The first such enclosures date from the late 38th century BC and after a few experiments with different shapes, areas and numbers of concentric ditches and banks, a standard form begins to emerge and many are built during the next eight generations or so, to the point that it almost seems that no self-respecting Neolithic community in southern Britain lacks one. By the late 36th century BC, the cursus monument begins to take over; perhaps, the authors speculate, because of a desire for something new after some 200 years or more of constructing what was already an ancient architectural form when it was originally introduced to Britain and Ireland from the near Continent.

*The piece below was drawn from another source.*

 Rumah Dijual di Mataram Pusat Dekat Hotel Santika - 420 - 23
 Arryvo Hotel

There is much more, including the dating of such core Neolithic artefacts as bowl pottery (carinated, decorated and plain), polished axes and leaf arrowheads, correlating the beginning and end of artefact types and monument types to identify periods of innovation, and much analysis of the rather different scenarios in Ireland and Scotland, as well as the much earlier Neolithic transition on the other side of the Channel.

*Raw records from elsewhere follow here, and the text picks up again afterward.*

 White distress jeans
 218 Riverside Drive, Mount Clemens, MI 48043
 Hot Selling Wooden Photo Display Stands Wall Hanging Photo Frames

That is also one of the themes of a new book by Fellow Chris Scarre on the Landscapes of Neolithic Brittany (ISBN 9780199281626; Oxford University Press), which, while it does indeed focus on the rather special monuments of Brittany the megalithic chambered tombs, the decorated standing stones and the stone rows for which the region is famous does so by setting Brittany in the context of western Europe as a whole, presenting to an English-speaking readership for the first time the results of recent studies published mainly in French. As such, the book serves as an excellent summary of our current state of knowledge about the character and spread of Neolithic material and practices in the 2,000 years before they finally made the short hop across the Channel. Core to Chris Scarres work is an examination of the question whether Brittanys remarkable modified and manipulated landscapes are a manifestation of new beliefs associated with newly established farming communities, or whether they represent far older Mesolithic beliefs about the landscape, albeit expressed in new ways and in either case, whether we can recover any of those beliefs so as to be able to see this stony landscape with the same eyes and thoughts as those who built these monuments.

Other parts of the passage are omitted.